応援演説の中で平野幹事長は、自らすでに全国8千キロメートル近くを移動してきたことについて触れつつ、「東京を中心とした首都圏と、故郷・地方との格差がますます広がっている。道を通っていても中山間地が(荒れた)山に戻っていっている。これからの10年20年後の日本を考えた時、日本全体の、国土の安定的な発展が望めるのか。あらためてこの点については、問うていかなければならない」と、全国に広がる地域格差について危機感を露にした。
その上で、「特に農業では、先祖伝来の田畑を維持して地域の発展にご苦労いただいている方の大方は年金世代。その方々の代が変わったら誰がその田畑を維持するのか。あと10年もすれば耕作放棄地が九州の面積に達することになる。それで本当にこの国の発展は願えるのか」と日本の農業政策に疑問を表明した。
さらに平野幹事長は「令和は、多文化共生社会だ。多様化した時代にどう向き合うか。今回、藤井さんが立候補を決断した大きな理由の一つである人権、これは今の時代、大きな問題だ。これからの多様な社会では、さまざまな人権問題が発生する。人権というものを大事にしていく政治に戻さなければならない」「私の故郷かつらぎ町から素晴らしい方が立候補の決断をしてくれた。あらためて感謝を申し上げながら、どうか藤井幹雄さんを参議院の土俵に送っていただきたい」と、藤井候補への支援を訴えた。
この後、中学、高校の同級生などにその人となりを紹介された藤井候補は、感激のあまり一瞬涙ぐむ場面もあった。トライアスロンが趣味という藤井候補は、「この3日間、和歌山を自転車で走りまわらせていただいた。その時『がんばれ』と掛け声をかけてくれたり、人が家から飛び出してきてくれたりした。走りながらあらためて地元、故郷の地元かつらぎ町を中心とした、紀北地域の皆さんに支えられて、この選挙運動ができているんだな。なんて幸せなんだろうと感じると同時に、責任の重さを痛感しながら走り回っている」とも語った。

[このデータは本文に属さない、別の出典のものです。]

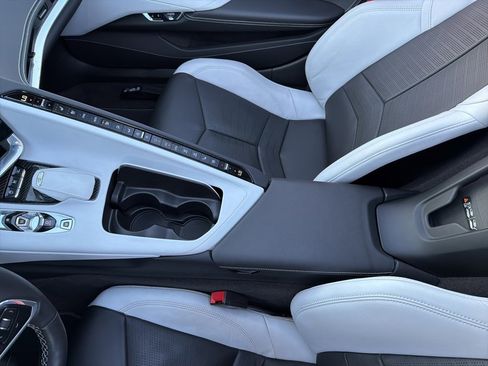 Used 2020 Chevrolet Corvette Stingray Preferred Cpe w/ 2LT Preferred Equipment Group image 55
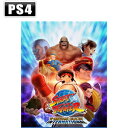 【封入特典付】【PS4】ストリートファイター 30th アニ...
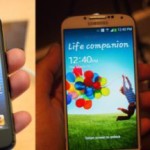 Perbandingan Galaxy S 4 vs iPhone 5 vs HTC One vs BlackBerry Z10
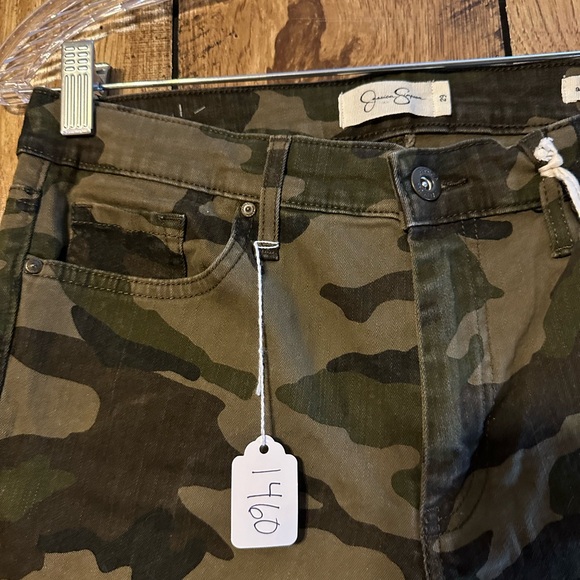 GUC Jessica Simpson denim jeans. Size 29 women’s. - Picture 8 of 11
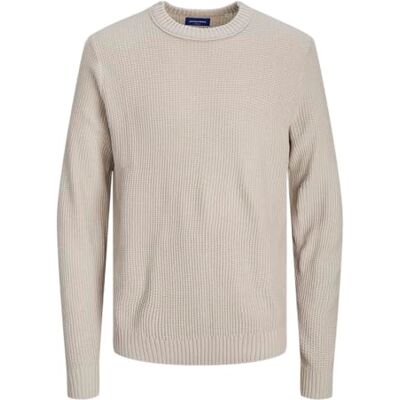 JACK&JONES PLUS Herr JORKYLE Stickad Crew Neck PLS stickad tröja, atmosfär, 3XL, Atmosfär, 3XL JACK&JONES PLUS Herr JORKYLE Stickad Crew Neck PLS stickad tröja, atmosfär, 3XL, Atmosfär, 3XL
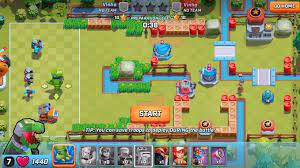 Rush wars es el nuevo y genial juego de supercell. Rush Wars 0 284 Descargar Para Android Apk Gratis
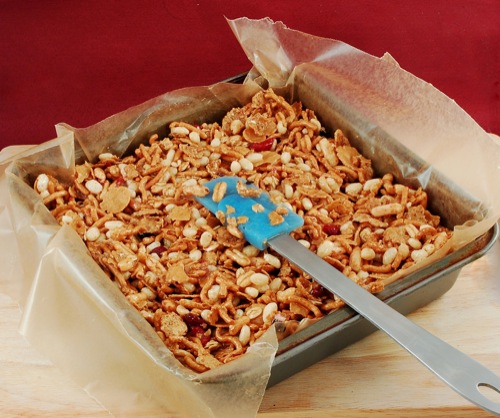 photo of Breakfast Cereal Bars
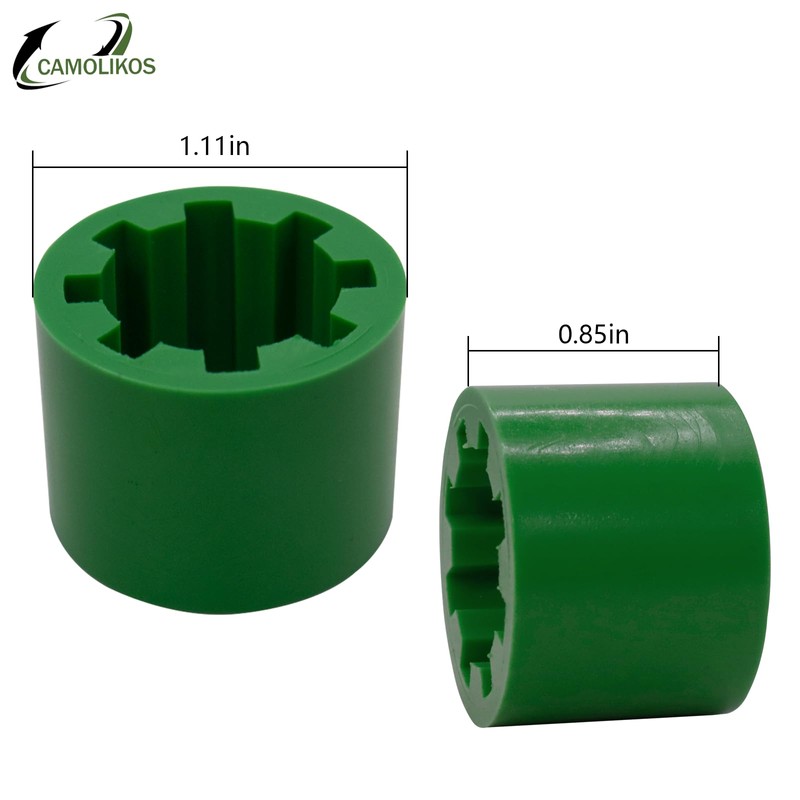 CAMOLIKOS PR308 PR-308 Vacuum Pump Coupler Sleeve Fits for DV-3E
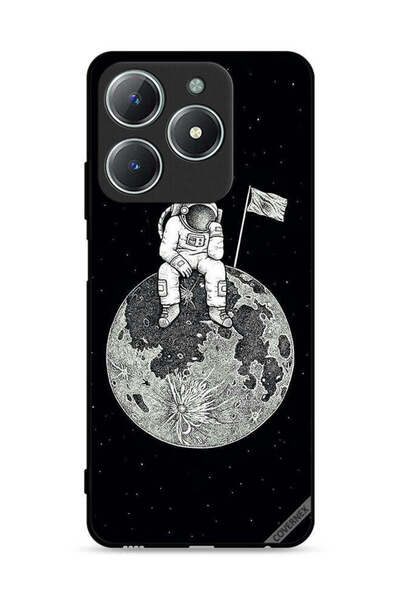 Covernex غطاء حماية لهاتف Realme C61 4G ماذا تفعل أيضًا في هذا الكون؟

また世耕弘成経産相と戦うことになったことについては「でもそれ、強いからって関係ないやん」というのが立候補を決意した時の自分の心境だったと語った。安倍政権の6年間で、頭にきたことが多々あったこと、2014年の集団的自衛権を容認する閣議決定から、約60回ものランチタイム・デモを和歌山市内で行ってきたこと、いわゆるモリカケ問題では、うそ、ごまかし、隠ぺい、国民をだます、国民をばかにする政権に対してお灸(きゅう)をすえなければならないと感じたことなど、立候補の決意に至った経緯を聴衆に説明した。「適当に審議して、一定程度の審議時間に達したら強行採決を繰り返す。このような国会は誰も見たくない。国会に緊張感を取り戻そう。安倍政治の暴走を止めよう!」と、訴えた。